I would have rather seen him get knocked-out than go the distance, so then maybe you could say, ‘Well at least he tried, but he got knocked out.’

There’s no shame.
Sometimes people can get on your inside and I think Freddie Roach is good at that. When he told him that, 'Pacquiao is gonna be the first guy that’s going to knock out Joshua Clottey,' that bothered him and that got into his game plan.
In the third round, I more or less knew already that we had sort of like, a chicken in the corner. I’m not afraid to say it. When you fight the way he did, I think we had a guy that was afraid to throw his punches…this is a hurting game. You throw punches, you do your best.
He [Clottey] went there, I would go as far as saying - to survive. And take his million dollars and go to the bank laughing."

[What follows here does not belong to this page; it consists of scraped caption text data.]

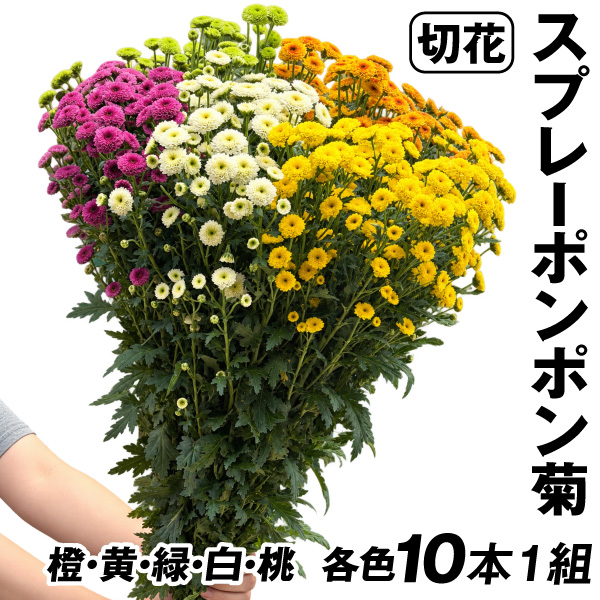 切花 菊 スプレーポンポン菊 10本1組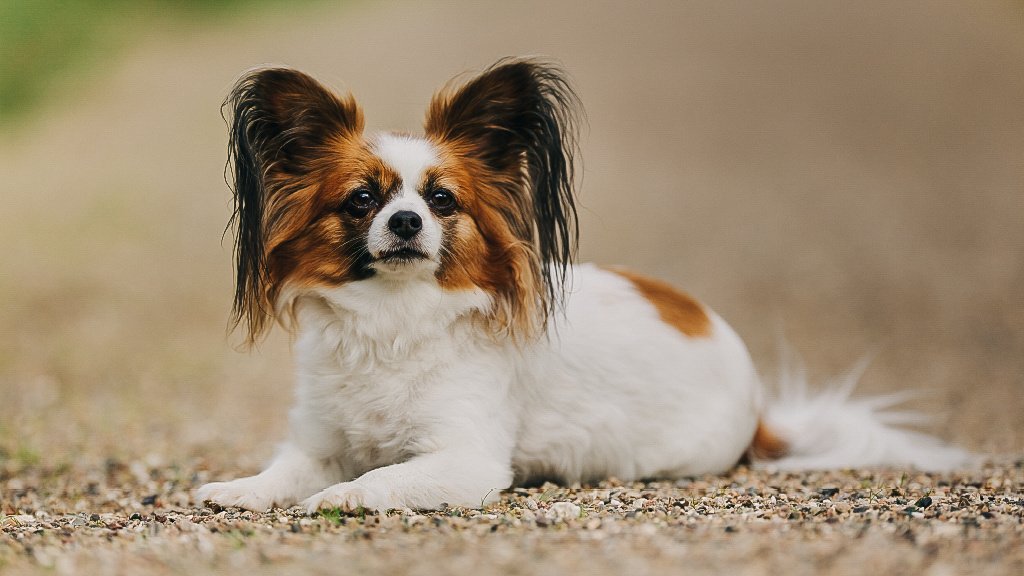 Топ-15 умных собак мелких пород: выбирайте самых сообразительных питомцев
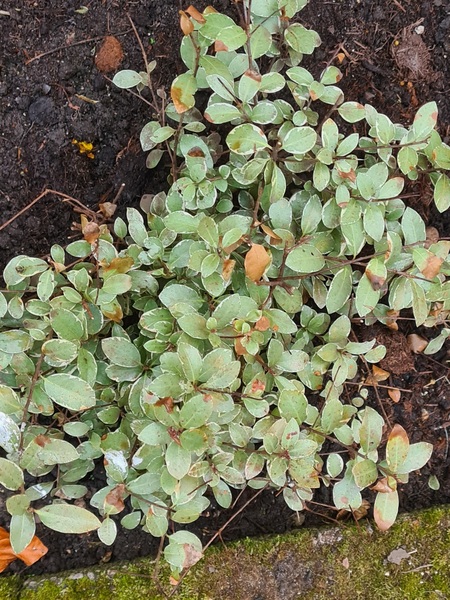 Plant identification and advice on how to save it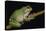 San Lucas Marsupial Frog, Ecuador-Pete Oxford-Premier Image Canvas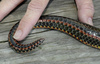 Common Rainbow Snake (Farancia erytrogramma erytrogramma)095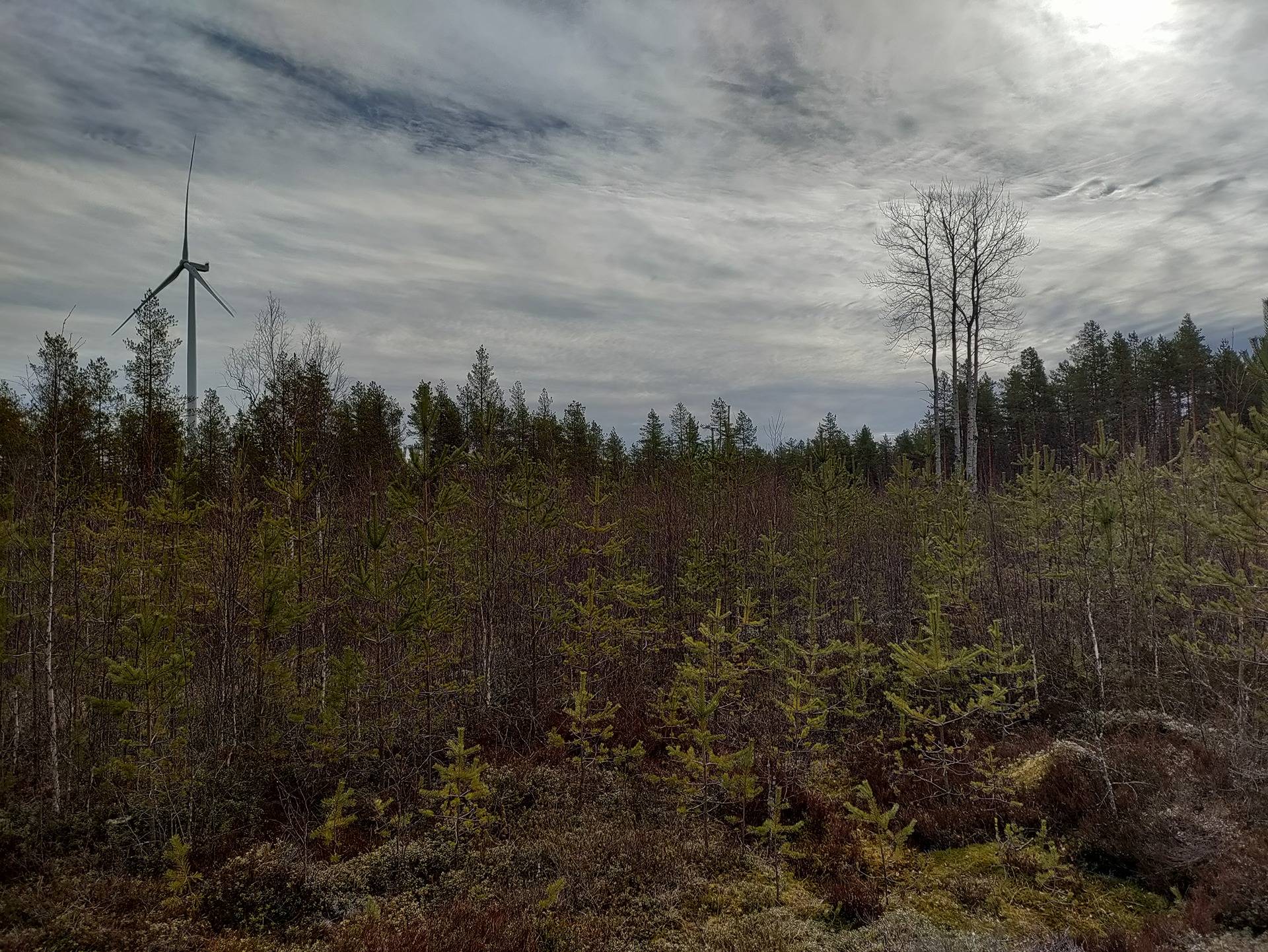 Perämaa 625-401-10-28 1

On Joshua Clottey's Future...

“He is still good out there. He is still a product to be reckoned with. But which TV [entity]; HBO, ESPN, whoever, would want a fighter who didn’t…he didn’t earn his money, let me put it more blunt. You should do a little more to earn your money. I mean you go, you get a job for a million dollars and you sit down and you read a magazine and you chew gum? I mean, what is that? But if you go to the job and you did your role and you do everything, you earn the money.”